A few weeks ago, Channing and I spent 5 days down in Costa Rica visiting our friend Jess. The heat hit us for the first time when we stepped out of the airport, but it barely registered because Jess was waiting for us already, grinning and waving from across the sidewalk. Channing and I were practically giddy with excitement (and a little vodka & club from the flight) as we ran over and hugged her. We couldn’t stop smiling and talking. It was hard to believe we were actually, really here in Costa Rica, after hearing Jess tell us so much about it. She had hired a local man, Diego, to pick us up and drive us around for the day. Diego didn’t speak any English, but with Jess translating, he was still a great tour guide, showing us the palm tree forest where he works, and buying us Imperials, the official cerveza of Costa Rica. The drive from the San Jose airport to Manuel Antonio- the little town where Jess lives- was just over two hours, and I loved every minute of it. I’m sure Channing would have too, but she slept most of the way. She managed to wake up for a few minutes when we stopped at the Crocodile Bridge, though. The muddy brown waters flowed placidly underneath the bridge, and the enormous crocodiles slept placidly through our excited photoshoot.
The Costa Rican mountains are sharp and jagged, rising in steep folds from the tangled jungle below. The highway wound up and down through them and then flattened out along the coastline to give us our first glimpse of the shining Pacific Ocean. We stopped briefly at a stand of trees overlooking the Pacific, where scarlet macaws flashed their blue and yellow wingtips at us as they settled onto the branches.
The sun was setting by the time we arrived at Jess’ apartment, and we quickly decided to catch the bus down to the beach for the rest of twilight. We dropped our suitcases in the living room, threw on our bikinis and flip-flops, and headed back out to the bus stop. I thought we were about to run off the road at least half a dozen times as the bus lumbered its way down the twisting mountainside, but the driver remained stoically indifferent, even yawning as he wrenched the wheel around in one direction and then another. After a few more hair-raising curves, it finally deposited us on the side of the main street running past Manuel Antonio’s beach. I stepped off the bus and onto the sand. Palm trees rustled over my head and the sound of the ocean boomed hollowly a few yards away.
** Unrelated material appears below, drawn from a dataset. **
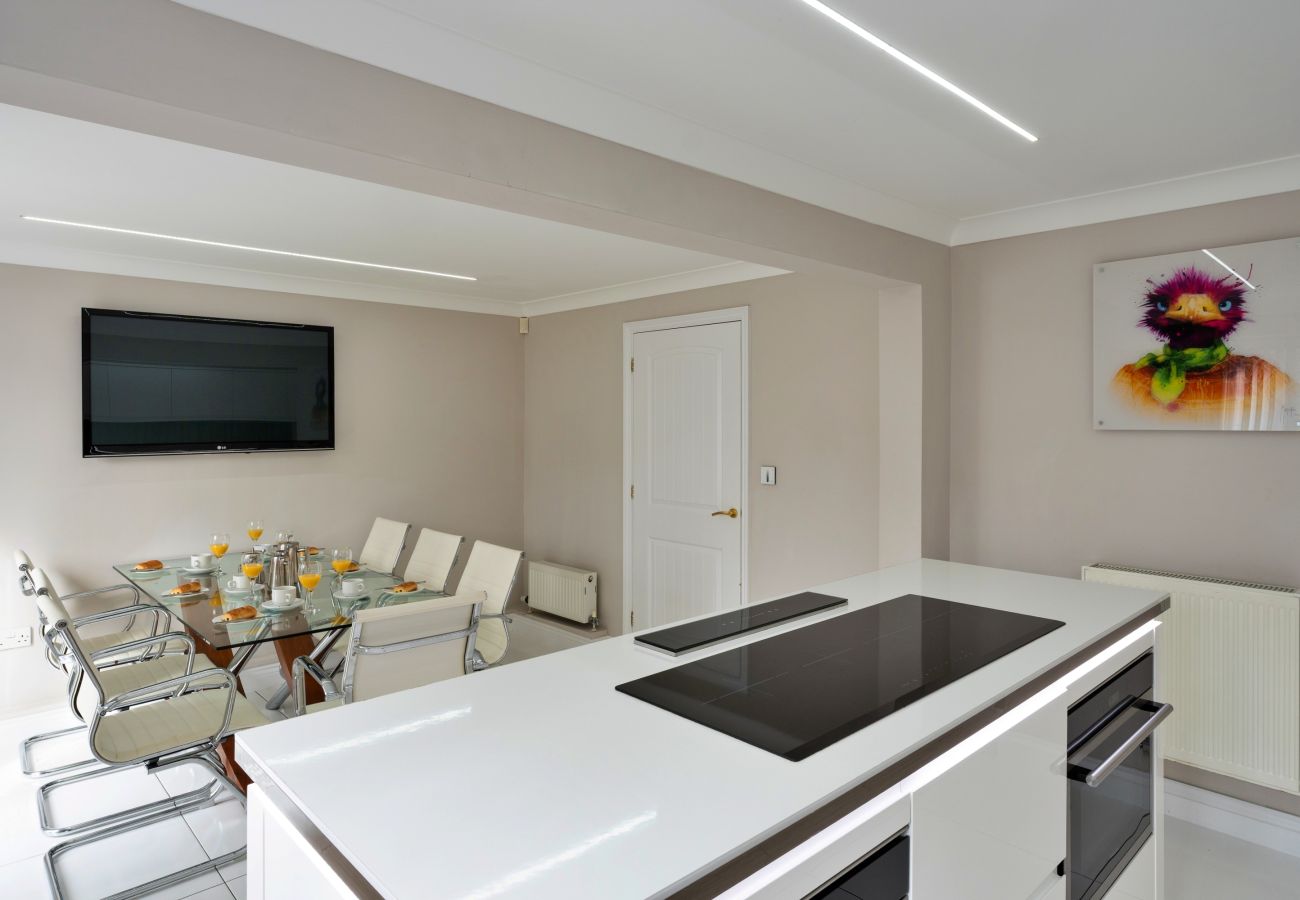 Huis in Bower Hinton - Hollies Cottage, Elm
“We’re here!!” Channing, Jess, and I immediately ran down to where the water came foaming up over the soft, dark sand. The spray from the crashing waves was warm as bathwater and tasted of salt and fresh wind. I couldn’t stop smiling at my friends. The purple and gray clouds on the western horizon were shot through with pink sunset remnants, the ocean washed all our weariness away, and we laughed in joy.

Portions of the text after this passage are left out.